D’habitude, lorsque la France « officielle » déplore ou s’inquiète de propos (ou d’actes) vis-à-vis d’un de ses ambassadeurs, elle le fait via des canaux diplomatiques. A fortiori lorsque cette inquiétude porte sur le gouvernement (et/ou l’un de ses membres) du pays d’accueil de l’ambassadeur. Pourquoi donc passer par l’AFP et Le Monde pour pointer du doigt un ministre algérien et appuyer au passage la propagande du statu quo, non conforme au droit international, s’agissant du Sahara Occidental ?
La veille, Le Monde publiait un article au procédé assez étrange. Alger est à l’origine de l’annulation de la visite et c’est une « source diplomatique française » qui s’épanche fort opportunément sur les raisons de l’annulation. Les autorités algériennes – par diplomatie justement – ne se sont pas appesanties sur le sujet mais ont laissé d’intéressantes informations à qui voudrait jeter un coup d’œil sur les pages « Monde » de la très officielle agence Algérie presse service : juste ici https://www.aps.dz/monde. L’article datant du 12 avril, 8h50, est on ne peut plus clair ; et corrobore l’analyse que j’avais rédigée la veille (publié le 13 avril dans Le Soir d’Algérie).

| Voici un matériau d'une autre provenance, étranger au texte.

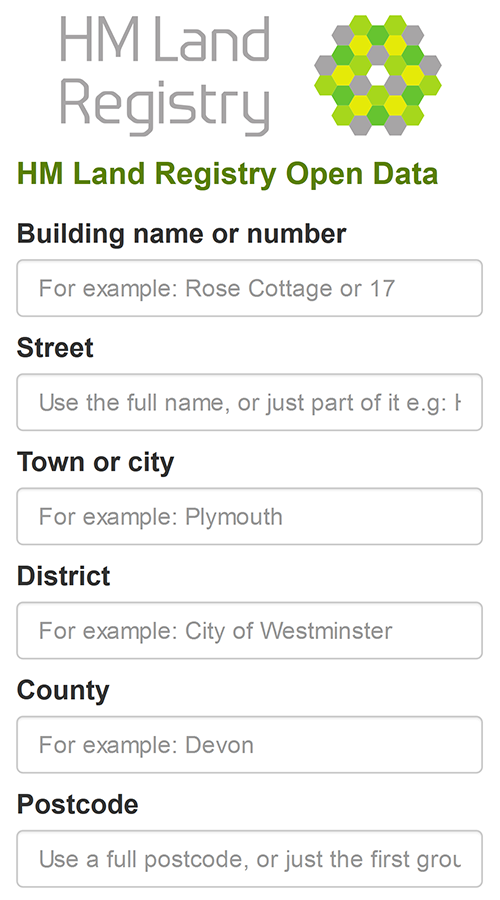 Land Registry House Prices Land Registry House Prices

Le 13 avril également, l’ambassadeur de France en Algérie publie un démenti formel relatif à un article paru dans le journal Liberté du 8 avril. Le timing est intéressant. Pourquoi n’est-il pas intervenu le jour ou le lendemain de la parution de l’article ?
À vrai dire, tout cela ressemble à un mauvais scénario de communication : faire gonfler une fausse polémique pour en cacher une autre, autrement plus importante. S’émouvoir d’une réponse légitime d’un ministre (celle d’Ammar Belhimer), à une question légitime de journalistes (du Arabic Post) relative à des agissements de l’ambassadeur de France tels que rapportés par la presse (Liberté du 8 avril) et non démentis par le premier concerné jusqu’au 13 avril. Pour cacher une autre réalité politique autrement plus problématique : une mésentente majeure s’agissant d’un contentieux colonial.
Le 10 avril, moins de deux jours après l’annulation de la visite de Jean Castex, on pouvait lire ceci dans Algérie presse service : Le ministre [Ammar Belhimer] a réitéré le soutien de l’Algérie à la cause sahraouie, envers laquelle sa position demeure « claire ».
« L’Algérie n’a eu de cesse de réaffirmer son soutien à tout accord convenu entre les parties au conflit dans le Sahara Occidental en vue de mettre un terme à la guerre dans la dernière colonie en Afrique », a-t-il précisé.
Le 13 avril, on pouvait lire ceci dans l’article AFP/Le Monde : «L’ouverture d’un comité du parti présidentiel La République en marche (LRM) à Dakhla, au Sahara Occidental, a par ailleurs suscité des interrogations en Algérie, qui soutient les indépendantistes sahraouis du Front Polisario dans ce territoire en grande partie sous contrôle marocain. Interrogé sur ce point, le ministère français des Affaires étrangères a botté en touche. […]
De son côté, la direction de la LRM [parti présidentiel rappelons-le] a laissé entendre qu’elle ne reviendrait pas sur cette décision qui relève, selon elle, d’une ‘’initiative locale’’.»
On pouvait y lire aussi ceci : « M. Belhimer, un ex-journaliste de 65 ans, diplômé en droit d’une université française, est coutumier des déclarations critiques à l’encontre de la France .»
Quand on ne peut pas attaquer les principes d’un gouvernement et du ministre qui le représente, on attaque l’homme. Pendant ce temps-là, on ne parle toujours pas de grands principes fondamentaux et d’importants sujets relevant du droit international et des droits humains.
132 ans de colonisation, 191 années de mépris ? Encore une fois…
Y. B. Ho.
(*) Anthropologue, chargé de recherche au CNRS. Membre du Laboratoire d’anthropologie sociale (CNRS-Collège de France-EHESS), Paris.